UCB, which is facing up to patent expiries on its anti-epileptic Keppra, says that its new products Cimzia, Vimpat and Neupro are making good progress.

The Belgian firm has issued an interim report for the first nine months of 2009, noting that revenues have declined as expected as a consequence of generic competition to Keppra (levetiracetam) in the USA. UCB gave no specific figures regarding its financial performance but said that Keppra continued to show double-digit percentage sales growth in Europe.

The company enjoyed similar growth for the antihistamine Zyrtec (cetirizine) in Japan and the drug’s follow-up Xyzal (levocetirizine) in the USA. Sales of the anti-tussive Tussionex (hydrocodonex and chlorpheniramine) declined due to the mild cough and cold season in the USA earlier in the year, while turnover of the attention-deficit hyperactivity disorder treatment Metadate CD (methylphenidate) increased.

Chief executive Roch Doliveux noted that “while it is still early in the launch roll-out”, the three aforementioned new products have started well. Prescription data for Cimzia (certolizumab pegol) in the treatment of Crohn's disease and rheumatoid arthritis in the USA are promising, UCB said, with a 20.2% and a 2.9% share respectively of new prescriptions in the subcutaneous anti- tumour necrosis factor market.

The company added that progress with reimbursement in the USA is also being made, with around 95% of insured people able to have Cimzia reimbursed for CD, and around 60% for RA. The drug was recently approved in Europe for the latter indication and patients were treated with Cimzia “the following day in Germany”. Other European countries are expected to launch in the coming months.

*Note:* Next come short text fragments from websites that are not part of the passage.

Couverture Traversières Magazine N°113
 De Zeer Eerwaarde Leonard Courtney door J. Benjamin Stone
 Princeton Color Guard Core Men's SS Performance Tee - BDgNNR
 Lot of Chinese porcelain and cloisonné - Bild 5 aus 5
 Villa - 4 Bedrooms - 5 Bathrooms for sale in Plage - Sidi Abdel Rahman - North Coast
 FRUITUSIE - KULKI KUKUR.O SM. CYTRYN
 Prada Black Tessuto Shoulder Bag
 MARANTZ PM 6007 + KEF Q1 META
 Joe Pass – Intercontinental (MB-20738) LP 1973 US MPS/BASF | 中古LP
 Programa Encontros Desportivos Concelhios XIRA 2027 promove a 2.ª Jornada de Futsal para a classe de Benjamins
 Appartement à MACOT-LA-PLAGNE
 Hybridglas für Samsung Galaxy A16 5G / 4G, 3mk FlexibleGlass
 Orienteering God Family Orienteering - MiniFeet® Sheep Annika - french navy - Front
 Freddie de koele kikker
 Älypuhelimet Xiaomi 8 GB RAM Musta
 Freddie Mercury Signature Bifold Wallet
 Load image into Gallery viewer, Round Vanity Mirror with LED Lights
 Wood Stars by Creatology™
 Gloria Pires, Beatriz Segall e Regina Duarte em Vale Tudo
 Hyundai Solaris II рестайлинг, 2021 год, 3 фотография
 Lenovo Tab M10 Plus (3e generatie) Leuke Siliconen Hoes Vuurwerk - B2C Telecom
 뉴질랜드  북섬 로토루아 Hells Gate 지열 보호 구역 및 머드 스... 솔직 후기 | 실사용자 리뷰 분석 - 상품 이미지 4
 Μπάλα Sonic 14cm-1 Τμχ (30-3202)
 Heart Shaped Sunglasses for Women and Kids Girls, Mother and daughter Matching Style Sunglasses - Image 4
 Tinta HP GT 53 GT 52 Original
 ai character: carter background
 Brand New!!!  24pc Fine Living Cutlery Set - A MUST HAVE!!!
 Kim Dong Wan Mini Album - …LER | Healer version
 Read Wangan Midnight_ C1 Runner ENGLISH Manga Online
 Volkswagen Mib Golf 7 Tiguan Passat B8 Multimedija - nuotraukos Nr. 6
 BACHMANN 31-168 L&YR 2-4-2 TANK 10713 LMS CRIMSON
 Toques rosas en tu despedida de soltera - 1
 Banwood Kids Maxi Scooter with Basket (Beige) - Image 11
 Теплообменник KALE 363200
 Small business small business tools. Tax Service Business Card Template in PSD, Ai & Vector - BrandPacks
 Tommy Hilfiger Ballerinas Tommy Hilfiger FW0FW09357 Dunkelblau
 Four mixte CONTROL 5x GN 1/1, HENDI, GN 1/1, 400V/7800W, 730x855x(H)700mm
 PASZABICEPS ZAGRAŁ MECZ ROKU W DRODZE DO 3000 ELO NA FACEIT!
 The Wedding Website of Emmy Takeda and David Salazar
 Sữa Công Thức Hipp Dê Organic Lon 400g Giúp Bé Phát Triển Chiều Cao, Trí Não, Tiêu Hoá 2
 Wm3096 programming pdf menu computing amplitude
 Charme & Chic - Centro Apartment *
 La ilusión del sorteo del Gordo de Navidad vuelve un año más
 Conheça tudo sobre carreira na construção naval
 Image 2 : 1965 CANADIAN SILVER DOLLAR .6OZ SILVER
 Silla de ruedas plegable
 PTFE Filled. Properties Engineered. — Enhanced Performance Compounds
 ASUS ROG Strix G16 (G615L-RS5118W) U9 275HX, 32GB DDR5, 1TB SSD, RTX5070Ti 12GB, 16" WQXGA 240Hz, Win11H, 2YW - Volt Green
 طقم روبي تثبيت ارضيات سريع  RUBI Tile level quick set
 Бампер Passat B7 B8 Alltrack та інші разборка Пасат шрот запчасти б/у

UCB also said that Vimpat (lacosamide), available in Europe since late 2008 and launched in the US in June this year as an add-on therapy for the treatment of partial-onset seizures, continues to gain market share. At the end of July, more than 15,000 patients were being treated with Vimpat in Europe and, at the end of September, more than 10,000 patients were using the drug across the Atlantic. The company added that “the prescription take-off by Vimpat in the USA exceeds that of Keppra and of Keppra XR making it the most successful launch in the US epilepsy market”.

UCB added that European neurologists have welcomed the return of Neupro (rotigotine) to the market after the firm overcame storage and distribution problems. The treatment, approved for Parkinson's disease and restless legs syndrome, is being used by more than 33,000 patients and UCB expects to be able to make Neupro available for US patients again during 2010.

UCB confirmed that it has now completed its SHAPE reorganisation programme, which led to the reduction of some 2,000 jobs. The company added that it will look for additional efficiencies and “optimise its non-core assets”.